What’s the best way to market your mobile app or game? I reached out to a variety of experts including app developers, game studios, app summit organizers and extreme gaming machine builders to get their thoughts. Here’s the advice that made the most cents, along with my two pennies’ worth, of course.
The launch is critical. Generating buzz about the app before it hits the app store and in the first few days can really make a difference in your results by giving it fuel in Apple’s search algorithms. Ways to do this: get as many beta testers as possible; use services like PreApps to generate buzz amongst early adopters; reach out to influencers via social media and email; put up a landing page and collect email addresses; and offer an exclusive to an app reviewer in advance of your release date.
I work for a mobile app development company, so I often help our clients market their games after launch. The most successful tactic I’ve seen is to just put a web ad on a target website, like a gaming website, and click through to the app store listing. A cost per month ad is preferred versus a pay per impression. My favorite advertising is Facebook’s ads for installs. You can have someone click an ad on Facebook and send them right to the app install screen. You can get really targeted about interests, age, geographic locations, etc., and you can spend as much or as little as you want. You can throw as little as $5 at an ad and start to see some interactions.
We’ve just recently had our game Flop Rocket featured on both iTunes and Google Play, and have a user base north of 3 million for all our current titles combined. There are actually over 3500 games launched on iTunes per week. That’s an insane amount of competition. To stay on top of the pile we run a rigorous PR strategy, which includes sending early “preview” builds to reviewers, which often generate buzz, and being persistent with our communications to the platforms themselves (iTunes, Google) to make sure they know that our games exist. We’re not yet large enough to spend money on marketing, so the extent of our exposure come from PR and our twitter/blog following. However, we recently developed a back-end technology called BscotchID, which is our answer to this whole discoverability problem. Our players can create a BscotchID account, which let’s them access cloud saving, cross-game perks, and a simple social network, and once they do we’re able to ping them and let them know that our stuff exists. It’s a homegrown solution to the cloud of games on the store!
Social media is very effective if you can get influencers to talk about your game. if you already have an established following, this can be a lot easier to accomplish. if you are new to the industry, attracting the attention of these folks is your number one job. PR is also very effective. Make sure you target Game Press publications and sites. you have to do some research to find the best folks to pitch…and don’t forget the review copies, contests, on line events and promotions are also effective. Pre buy add ons are a good way of getting sales.

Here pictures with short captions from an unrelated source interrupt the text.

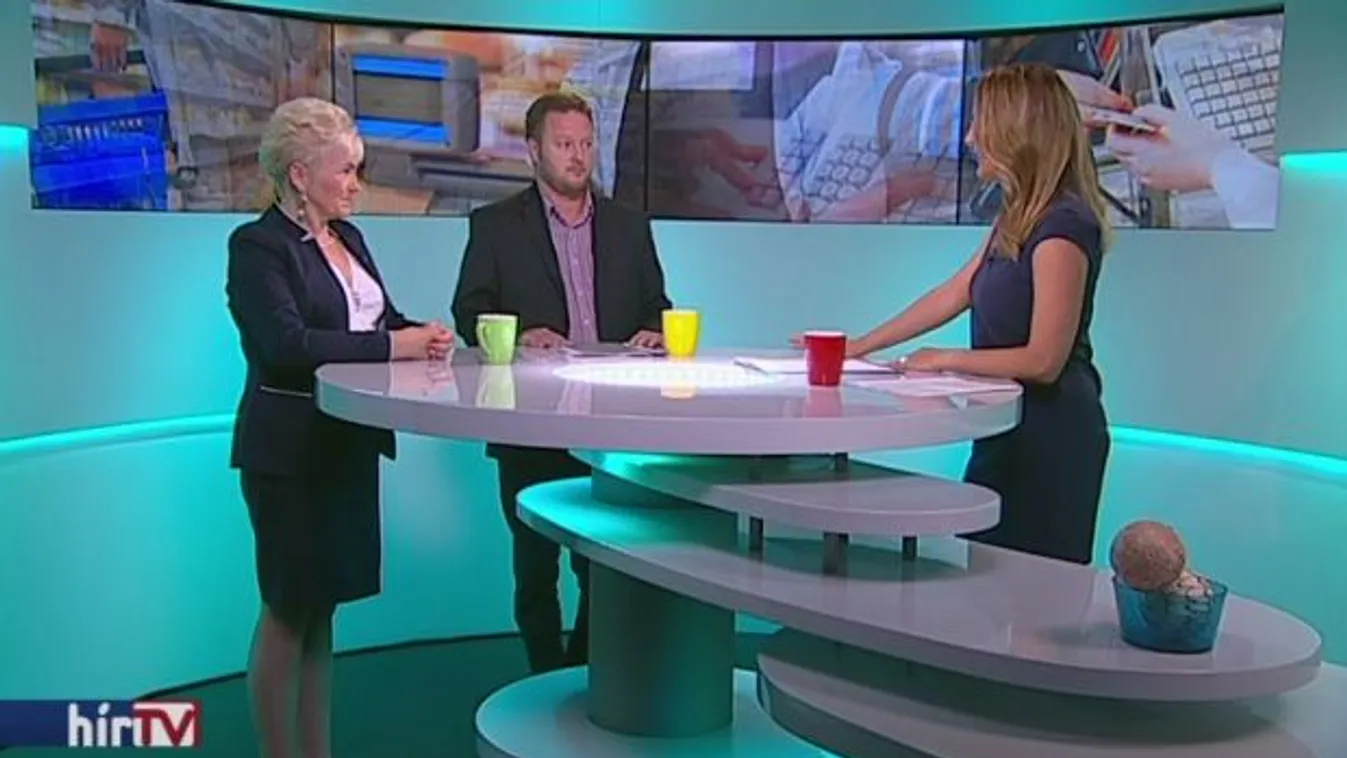 Bubenkó: A&nbsp;vezetőknek is jár a béremelés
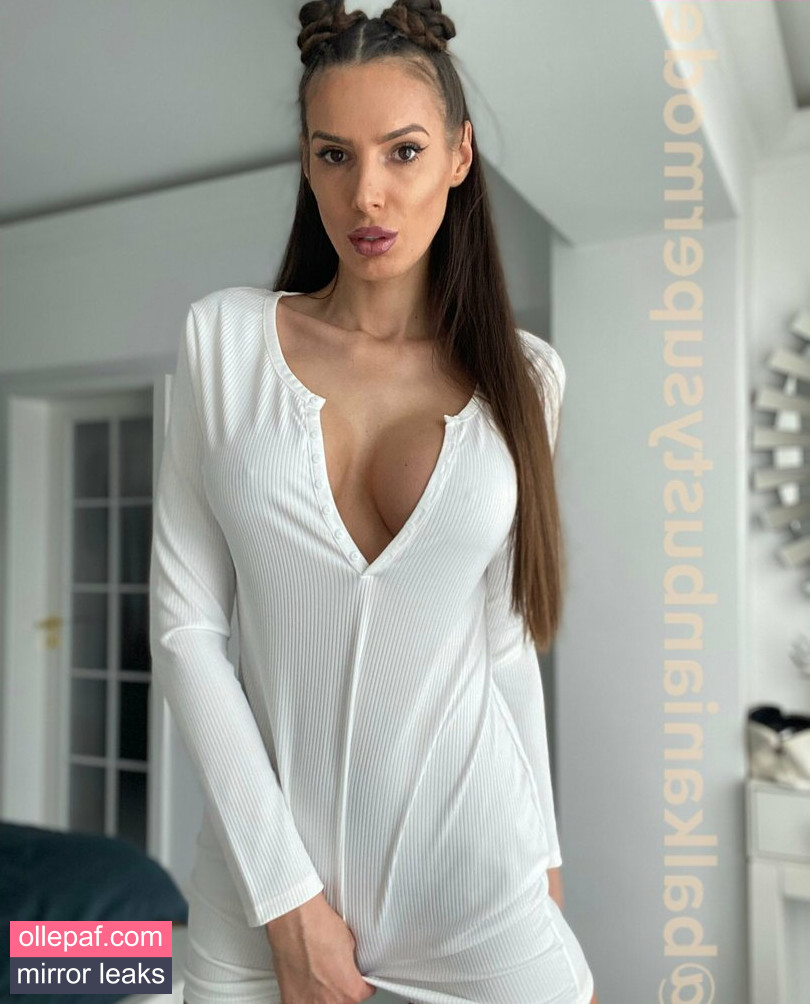 Latest Leaks balkanianbustysupermodel Nude #128 - Fapello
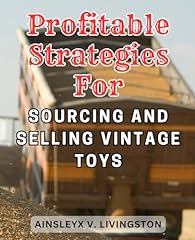 Profitable strategies sourcing for sale  Delivered anywhere in Ireland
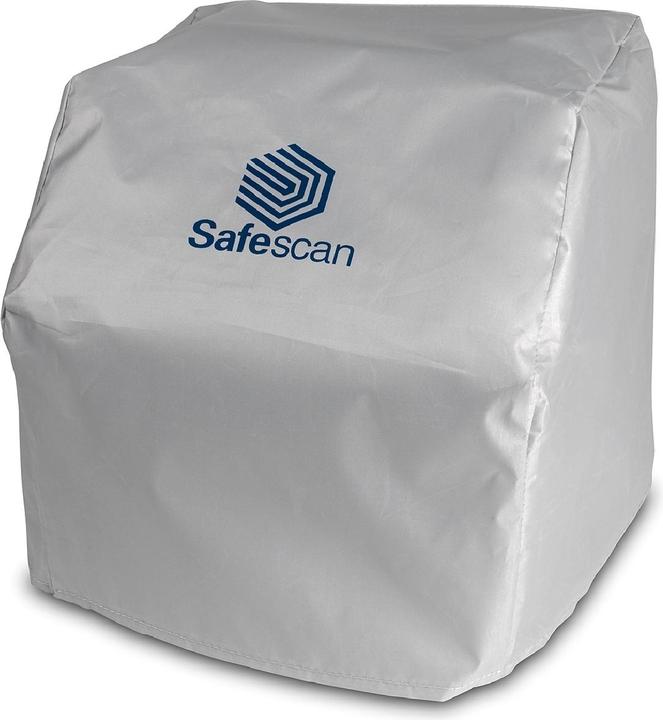 Actual product image Safescan 2610 (Bank note counter)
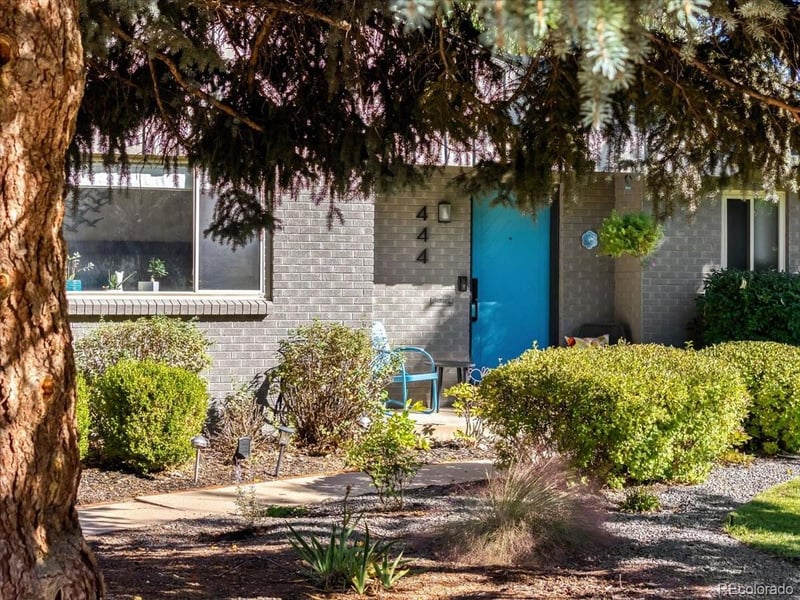444 S Niagara St, Denver, CO 80224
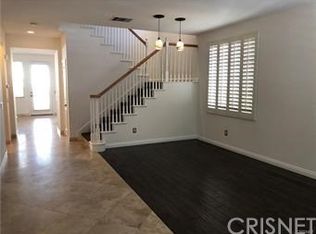 23325 Beachcomber Ln, Santa Clarita, CA 91355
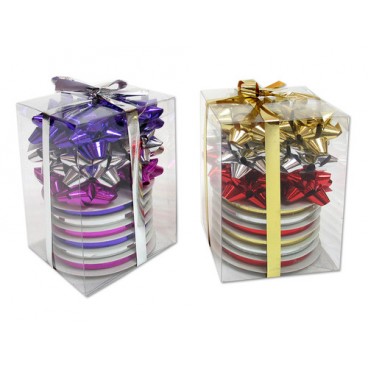 2008943 18 BOUCLES ET ROULEAUX 2/C (48 PIECES)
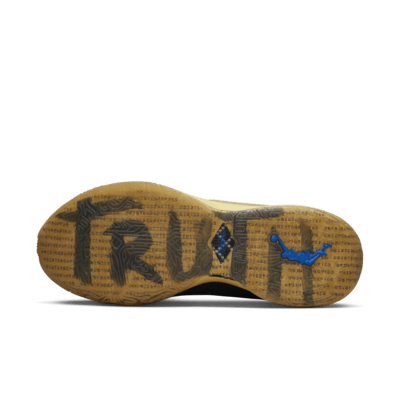 LeBron 20 UNINTERRUPTED EP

Hit fast and hit hard! Be relentless. Have your social media and PR plan ready to go and roll that out just prior to launch. Share lots of content including trailers, videos, artwork, screen caps and gameplay captures. If you’ve had success with previous apps, mine that community and user base to rally around the new app or game. Encourage influencers to download your app and share their opinions with their fans and followers. Pay them if you have to. Build a community that will help you reach more users. Focus on downloads as an important KPI and don’t get lost on anything else. Spend on ads that lead to downloads. If your app os free and ROI is an immediate concern, work on in-game purchases and incentives to lure users into paying even small amounts to start recouping your investment asap.